Johannesburg, 31 August 2017 – The 1.5% annual decrease in the Producer Price Index (PPI) for intermediate manufactured goods in July 2017 does not augur well for producers in an economy stuck in low growth and generally rising input costs, Steel and Engineering Industries Federation of Southern Africa (SEIFSA) Economist Marique Kruger said today.
This reflects a fifth consecutive year-on-year decrease, which is indicative of prolonged subdued domestic demand. From June 2017 to July 2017, the PPI for intermediate manufactured goods decreased by 0.9%.
Ms Kruger said the 1.5% decrease in the PPI for intermediate manufactured goods left no leeway for manufacturers to pass cost increases onto the market.
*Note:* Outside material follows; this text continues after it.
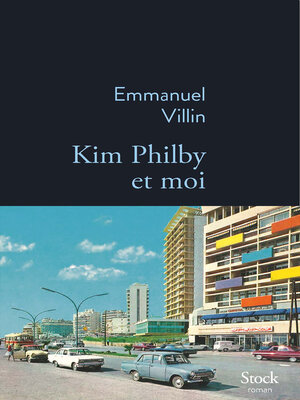 cover image of Kim Philby et moi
“On an annual basis, SEIFSA’s composite input cost index, which tracks the average costs structure for the metals and engineering (M&E) sector, recorded a -1% decrease in July 2017, largely due to a stronger rand which has helped mitigate costs. Although the index depicts a decreasing input costs scenario, the rate of decrease was better than the annual figure previously recorded (-4.1) in June 2017, despite the weak economy and additional costs incurred from the conclusion of a new wage deal by the metals and engineering sector,” she said.
“Even though currently the differential between the selling price and input cost remains positive, the gap is decreasing as the volatile rand and structural rigidities prevent local companies from benefiting from low international commodity prices,” she added.
Despite South Africa’s junk credit status, the rand has been stronger against most currencies over the past two months compared with a year ago, she said. Ms Kruger said the exchange rate effect on prices appears to be diminishing and that this would be beneficial for inflation, input costs and margins of companies in the sector.
Ms Kruger said she expected a positive trade balance for July 2017 on the back of a good month in June 2017.
“A positive trade balance augurs well for exports and generally provides clues on the health of the manufacturing sector. This, together with the anticipated increase in domestic demand from the current expansionary monetary policy stance, provides hope for a reversal in the fortunes of the M&E sector in particular.
“We are hopeful that the next release of the PPI for intermediate manufactured goods will be more encouraging, since the lag effects of increased domestic demand starts filtering through. We will continually monitor the trend,” Ms Kruger concluded.